The M word has featured heavily during the last ten days or so, here's a look back.
I can’t recall the last time I saw a club advertised as a mod club and The Sidewinder in Islington doesn't, but that’s what it is. Tucked away in a fabulous club room within the Wenlock and Essex, Essex Road, N1 on the first Thursday of each month it manages to be a relaxed affair yet still entice people on to the illuminated dancefloor with its soul, jazz and R&B soundtrack. The highlight for me there this week was chatting to Martin Fuggles, who was the DJ at the Ricky Tick Club in Windsor during the mid-60s. There were a number of Ricky Tick clubs but the Windsor one, in a mansion by the river, is regarded as the main one, and the one replicated in the film Blow Up when The Yardbirds tore it up. Martin would DJ on two turntables built inside a gold painted piano, a playlist dominated by the Motown, Atlantic and Stax releases he’d purchase each week from a stall in Slough. Martin said he’d been reintroduced to the mod scene a couple of years ago and was now enjoying trying to catch up on what he’d missed and seeing how things had developed in his absence. He still has all his old records but had lost interest in music once Pink Floyd had come along, saying if that was the future of music he wanted no part of it. We chatted about what sounds were popular at the time and I asked him about The Impressions, to which he pulled a great OH MY GOD, THE IMPRESSIONS sex face. This was exactly the reaction I’d hoped for. He often began his sets with “It’s Alright” and would buy half a dozen extra copies of their records to sell down the Ricky Tick. He also said that their gig at the Barbican last year was the second best gig he’d ever been to (one behind Buddy Holly and the Crickets). The group are playing at the Jazz Café in London next month and if at all possible you must go. To read me becoming all emotional about the Barbican night click here. Naturally I tried digging for info about The Action but although he knew they’d played the club he couldn’t remember anything in particular about them. Damn. Martin certainly considered himself a mod back, complete with scooter, but soon learnt “you needed four wheels if you wanted to pull the better birds”, and carry your records of course. It was fascinating chatting with him and hopefully he’ll be on at Sidewinder in the future. His Ricky Tick site has more news and more posters like the one shown above. The next Sidewinder is on Thursday 5th July.

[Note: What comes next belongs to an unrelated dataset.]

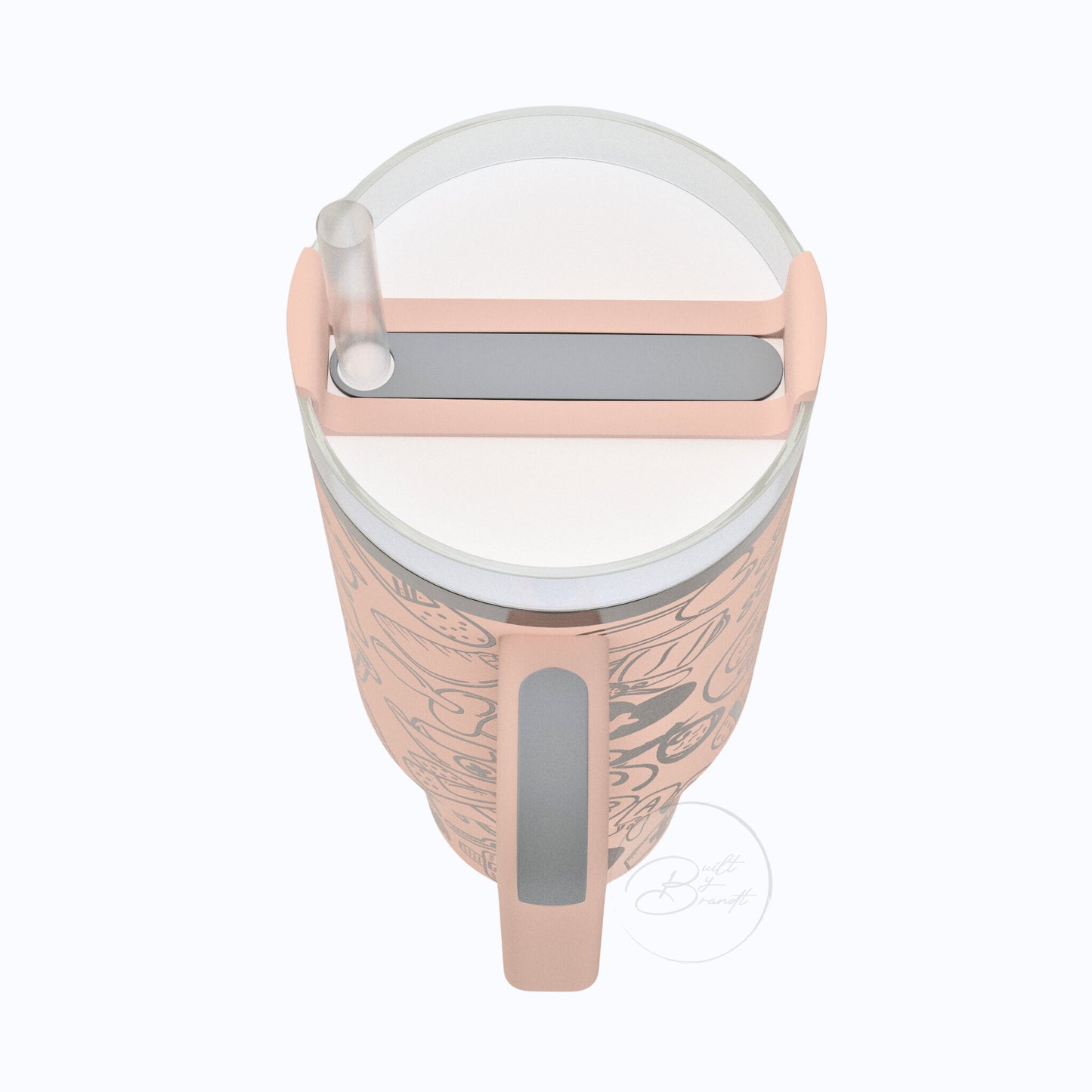 40oz OBGYN Tumbler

The launch party at the Fred Perry shop in Covent Garden for The A-Z of Mod book by Paolo Hewitt and Mark Baxter was a swinging affair with some well-known scene faces in attendance and even Phil Daniels popping by. Luckily for him by the time I’d had enough to drink to recite chunks of Quadrophenia – because he would have loved that – he’d disappeared. It wouldn’t be right to review the book in detail as it was a birthday present for Mrs Monkey by Monkey Snr so try the one in The Guardian and work it out for yourself. There’s a picture of Mrs Monkey and her sister in the book adopting their usual Kray twins stance - looking like they’d slash your throat with their haircuts if you stood too close. On the off-chance they read this I should add they aren't quite as menacing in real life.
Also in Mrs M’s birthday haul was The Treasures of The Who by Chris Welch, a hardback, boxed book containing memorabilia inserted into the pages. There are some great reproductions of Marquee contracts, posters, flyers (cool one from the Goldhawk “Beat” Club where The Who played Good Friday 1965 and The Boys played on Saturday), an early letter to fan from Roger Daltrey and a postcard from Keith Moon. It sells for twenty five quid but was a lot cheaper in Fopp or a bit cheaper from that on-line retail place.

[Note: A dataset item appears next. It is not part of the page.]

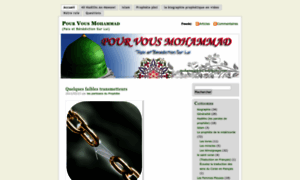 Mohammadpbsl.wordpress.com thumbnail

On the subject of Keith Moon, keep your eyes open for a summer publication of Full Moon by Dougal Butler. Original published in 1981 by Moonie’s personal assistant, with Chris Tengrove and Peter Lawrence, it's utterly hilarious in places and terribly sad in others. I remember tears of laughter streaming down my face when I first read it when published as Moon The Loon. Find out more at Full Moon The Book.